» **ASSIGNMENT**
Your reply should contain nothing except the lines from the one with "Chúa nhật 5 Thường niên năm A (+video)" through the end of the listing below, reproduced exactly and stripped of pictures.

** Opening EXERCISE DATA block **

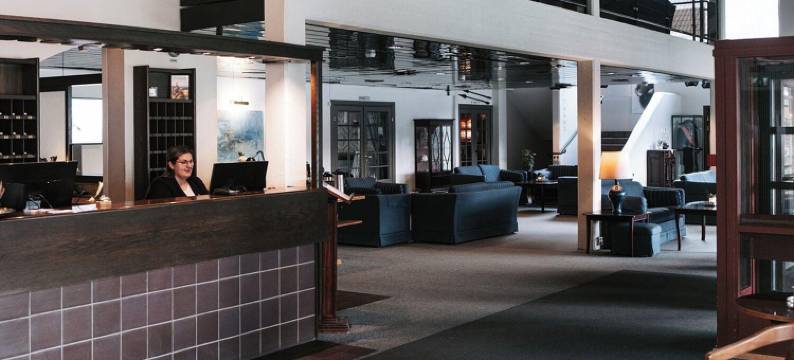 Bårdshaug Herregård图片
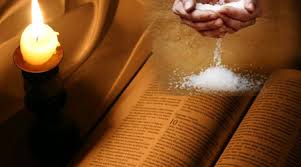 Chúa nhật 5 Thường niên năm A (+video)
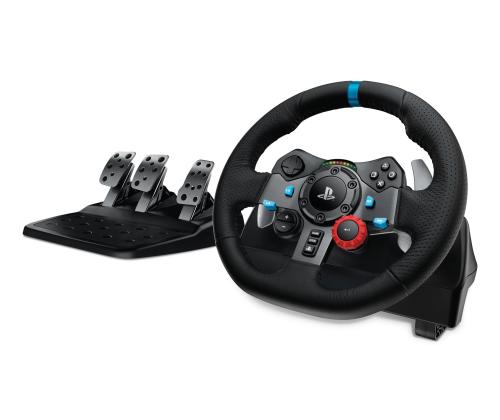 CONSOLE ACC ACCESSORY BUNDLE/G29/G435 991-000539 LOGITECH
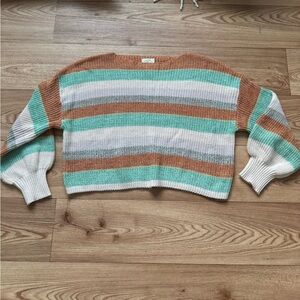 Billabong sweater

** Closing EXERCISE DATA block **

» **TASK SOLUTION**
 Chúa nhật 5 Thường niên năm A (+video)
 CONSOLE ACC ACCESSORY BUNDLE/G29/G435 991-000539 LOGITECH
 Billabong sweater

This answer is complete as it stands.